Now let's look at how this mechanism manifests in code. First off, the TextRender object no longer needs its own IDataObject implementation and can thus remove it from its class, but will need to add a member m_pUnkImage to maintain the TextImage's non-delegating IUnknown:

class CTextRender : public IPersistFile {
   private:
      ULONG      m_cRef;         //Reference Count
      char *      m_pszText;      //Pointer to allocated text
      ULONG      m_cchText;      //Number of characters in m_pszText

      IUnknown *   m_pUnkImage;      //TextImage IUnknown
      //Other internal member functions here

   public:
      [Constructor, Destructor]

      //Outer object IUnknown
      HRESULT QueryInterface(REFIID iid, void ** ppv);
      ULONG AddRef(void);
      ULONG Release(void);

      //IPersistFile Member overrides
      ...
   };

In the previous section we saw how the TextRender object would create a TextImage object for containment using CoCreateInstance with the pUnkOuter parameter set to NULL. In aggregation, this parameter will be TextRender's own IUnknown (obtained using a typecast). Furthermore, TextRender must request IUnknown initially from TextImage (storing the pointer in m_pUnkImage):

//TextRender initialization
HRESULT     hr;
hr=CoCreateInstance(CLSID_TextImage, CLSCTX_ SERVER, (IUnknown *)this, IID_IUnknown, (void *)&m_pUnkImage);
if (FAILED(hr))
   //TextImage not available, either fail or disable graphic rendering
//Success:  can now make use of TextImage object.
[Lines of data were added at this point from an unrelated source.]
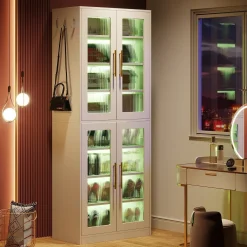 66.9" Tall Shoe Storage Cabinet, 8-Tier Entryway Shoe Organizer Rack with Acrylic Doors and LED Lights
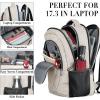 BIKROD Unisex Rose Laptop Backpack, Suitable for College Students, 17-inch Laptop Compartment, Spacious Interior, USB Charging Port, Anti-Theft Design, Comfortable Back Panel(Beige)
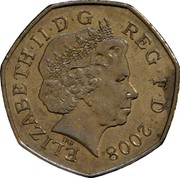 UK Fifty Pence (Shield of the Royal Arms) KM# 1112b ELIZABETH II D G REG F D *DATE* coin obverse UK Fifty Pence (Shield of the Royal Arms) KM# 1112b ELIZABETH II D G REG F D *DATE* coin obverse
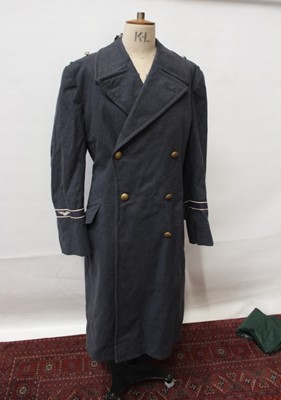 Lot 825 - Post War East German Air Force Great Coat, together with a vintage American Stars and Stripes flag marked Dura and other military uniform (1 box)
Now, since TextRender does not have its own IDataObject any longer, its implementation of QueryInterface will use m_pUnkImage to obtain interface pointers:

HRESULT CTextRender::QueryInterface(REFIID iid, void ** ppv) {
   *ppv=NULL;

   //This code assumes an overloaded == operator for GUIDs exists
   if (IID_IUnknown==iid)
      *ppv=(void *)(IUnknown *)this;

   if (IID_IPersitFile==iid)
      *ppv=(void *)(IPersistFile *)this;

   if (IID_IDataObject==iid)
      return m_pUnkImage->QueryInterface(iid, ppv);

   if (NULL==*ppv)
      return E_NOINTERFACE;      //iid not supported.
   
   //Any call to anyone's AddRef is our own.
   AddRef();
   return NOERROR;
   }

Note that delegating QueryInterface to the inner object is done only for those interfaces that the outer object knows it wants to expose. The outer object should not delegate the query as a default case, for such blind forwarding without an understanding of the semantic being forwarded will almost assuredly break the outer object should the inner one be revised with new functionality.